> _Requirement_
State the number of lines in the material below that have "Flat" in them, without any other text.

--------------------------------

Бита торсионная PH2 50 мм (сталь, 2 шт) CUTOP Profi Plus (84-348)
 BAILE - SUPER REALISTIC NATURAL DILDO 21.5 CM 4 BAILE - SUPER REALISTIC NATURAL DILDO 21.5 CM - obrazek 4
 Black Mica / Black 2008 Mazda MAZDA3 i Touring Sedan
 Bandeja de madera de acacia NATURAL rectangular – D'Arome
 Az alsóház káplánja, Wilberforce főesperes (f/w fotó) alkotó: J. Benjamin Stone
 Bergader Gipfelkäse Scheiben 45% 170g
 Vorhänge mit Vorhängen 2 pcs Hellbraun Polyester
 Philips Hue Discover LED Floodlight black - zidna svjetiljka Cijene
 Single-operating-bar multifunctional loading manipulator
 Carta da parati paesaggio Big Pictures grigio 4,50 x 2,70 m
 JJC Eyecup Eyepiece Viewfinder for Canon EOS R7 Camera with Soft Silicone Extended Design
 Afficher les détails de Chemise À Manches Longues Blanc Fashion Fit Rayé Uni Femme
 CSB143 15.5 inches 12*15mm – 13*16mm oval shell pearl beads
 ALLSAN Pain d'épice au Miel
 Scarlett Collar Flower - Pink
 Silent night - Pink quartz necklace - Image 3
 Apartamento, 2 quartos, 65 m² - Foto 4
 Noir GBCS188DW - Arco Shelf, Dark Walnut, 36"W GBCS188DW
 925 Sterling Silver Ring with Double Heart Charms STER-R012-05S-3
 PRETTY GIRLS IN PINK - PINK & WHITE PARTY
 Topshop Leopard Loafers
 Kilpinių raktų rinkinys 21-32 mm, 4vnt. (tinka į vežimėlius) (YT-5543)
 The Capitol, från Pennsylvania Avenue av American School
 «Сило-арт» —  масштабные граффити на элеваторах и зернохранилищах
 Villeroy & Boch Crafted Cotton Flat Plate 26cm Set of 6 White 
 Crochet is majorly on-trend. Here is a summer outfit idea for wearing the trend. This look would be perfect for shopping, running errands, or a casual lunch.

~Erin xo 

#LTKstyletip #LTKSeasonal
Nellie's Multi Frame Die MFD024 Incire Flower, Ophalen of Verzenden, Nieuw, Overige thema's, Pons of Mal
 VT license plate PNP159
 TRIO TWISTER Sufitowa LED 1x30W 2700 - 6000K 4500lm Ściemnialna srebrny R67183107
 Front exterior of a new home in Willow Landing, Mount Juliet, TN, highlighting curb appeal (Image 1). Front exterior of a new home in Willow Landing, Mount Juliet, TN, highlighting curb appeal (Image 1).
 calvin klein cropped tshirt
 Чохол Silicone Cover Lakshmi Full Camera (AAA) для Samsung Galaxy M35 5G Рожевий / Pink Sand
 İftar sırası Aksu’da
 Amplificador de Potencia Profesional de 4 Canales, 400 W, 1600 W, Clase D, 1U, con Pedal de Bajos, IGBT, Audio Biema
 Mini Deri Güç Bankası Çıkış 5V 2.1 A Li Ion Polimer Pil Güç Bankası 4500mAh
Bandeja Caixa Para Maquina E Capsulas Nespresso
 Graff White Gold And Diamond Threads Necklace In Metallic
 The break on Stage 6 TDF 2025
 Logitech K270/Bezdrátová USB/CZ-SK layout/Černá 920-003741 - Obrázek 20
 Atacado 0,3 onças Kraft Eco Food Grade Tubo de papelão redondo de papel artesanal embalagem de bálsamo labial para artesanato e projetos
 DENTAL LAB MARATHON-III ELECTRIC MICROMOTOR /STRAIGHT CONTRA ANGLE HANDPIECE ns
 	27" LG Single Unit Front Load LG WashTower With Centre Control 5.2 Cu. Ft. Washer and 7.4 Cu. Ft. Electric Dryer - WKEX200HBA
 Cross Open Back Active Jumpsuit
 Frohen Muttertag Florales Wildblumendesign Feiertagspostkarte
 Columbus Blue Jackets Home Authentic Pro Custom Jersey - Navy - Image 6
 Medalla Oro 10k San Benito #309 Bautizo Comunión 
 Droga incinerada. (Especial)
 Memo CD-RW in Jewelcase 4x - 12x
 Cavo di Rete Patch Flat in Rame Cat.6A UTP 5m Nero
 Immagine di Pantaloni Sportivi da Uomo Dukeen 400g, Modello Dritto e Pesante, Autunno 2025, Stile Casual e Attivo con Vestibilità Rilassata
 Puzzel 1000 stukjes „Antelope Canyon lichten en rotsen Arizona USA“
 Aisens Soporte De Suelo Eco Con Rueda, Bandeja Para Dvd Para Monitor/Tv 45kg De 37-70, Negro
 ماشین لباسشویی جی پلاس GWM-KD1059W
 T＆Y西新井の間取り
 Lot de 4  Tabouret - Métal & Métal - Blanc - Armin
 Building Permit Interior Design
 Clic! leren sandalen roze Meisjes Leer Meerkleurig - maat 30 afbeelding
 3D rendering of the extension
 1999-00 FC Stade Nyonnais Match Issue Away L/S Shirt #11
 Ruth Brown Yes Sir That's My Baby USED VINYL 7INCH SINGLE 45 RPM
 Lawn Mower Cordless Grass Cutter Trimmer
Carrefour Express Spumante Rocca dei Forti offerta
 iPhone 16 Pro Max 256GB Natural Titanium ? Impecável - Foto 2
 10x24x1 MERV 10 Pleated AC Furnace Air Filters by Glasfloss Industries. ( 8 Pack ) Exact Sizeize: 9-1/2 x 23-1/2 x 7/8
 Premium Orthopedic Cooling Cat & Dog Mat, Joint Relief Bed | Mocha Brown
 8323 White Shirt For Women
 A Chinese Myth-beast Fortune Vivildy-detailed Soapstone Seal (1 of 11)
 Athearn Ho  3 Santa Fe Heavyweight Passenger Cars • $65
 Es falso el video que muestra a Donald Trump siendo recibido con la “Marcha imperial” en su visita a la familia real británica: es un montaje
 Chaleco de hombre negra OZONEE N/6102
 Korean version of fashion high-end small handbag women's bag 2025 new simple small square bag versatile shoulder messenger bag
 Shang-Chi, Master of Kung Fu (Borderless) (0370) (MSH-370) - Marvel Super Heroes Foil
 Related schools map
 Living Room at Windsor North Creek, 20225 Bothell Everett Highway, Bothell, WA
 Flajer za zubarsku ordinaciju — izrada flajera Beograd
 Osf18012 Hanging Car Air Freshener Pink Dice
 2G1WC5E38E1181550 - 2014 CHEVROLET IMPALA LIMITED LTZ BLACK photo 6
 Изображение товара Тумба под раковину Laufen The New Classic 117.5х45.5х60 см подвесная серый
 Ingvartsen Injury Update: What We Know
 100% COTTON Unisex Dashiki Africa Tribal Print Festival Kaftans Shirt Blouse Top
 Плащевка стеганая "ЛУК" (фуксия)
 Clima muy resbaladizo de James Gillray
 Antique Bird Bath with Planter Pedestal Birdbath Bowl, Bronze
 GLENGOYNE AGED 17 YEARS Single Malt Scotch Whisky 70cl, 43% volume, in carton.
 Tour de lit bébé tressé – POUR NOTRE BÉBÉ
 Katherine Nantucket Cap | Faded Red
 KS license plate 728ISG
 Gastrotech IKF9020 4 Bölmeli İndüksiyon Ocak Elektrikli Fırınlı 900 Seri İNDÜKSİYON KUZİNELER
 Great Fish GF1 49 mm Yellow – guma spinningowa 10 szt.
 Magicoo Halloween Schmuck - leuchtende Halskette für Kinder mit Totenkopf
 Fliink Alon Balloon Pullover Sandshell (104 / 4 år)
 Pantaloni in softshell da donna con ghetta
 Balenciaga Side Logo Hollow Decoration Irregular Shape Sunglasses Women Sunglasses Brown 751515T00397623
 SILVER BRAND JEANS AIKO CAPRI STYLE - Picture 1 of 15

--------------------------------

> _The answer_
2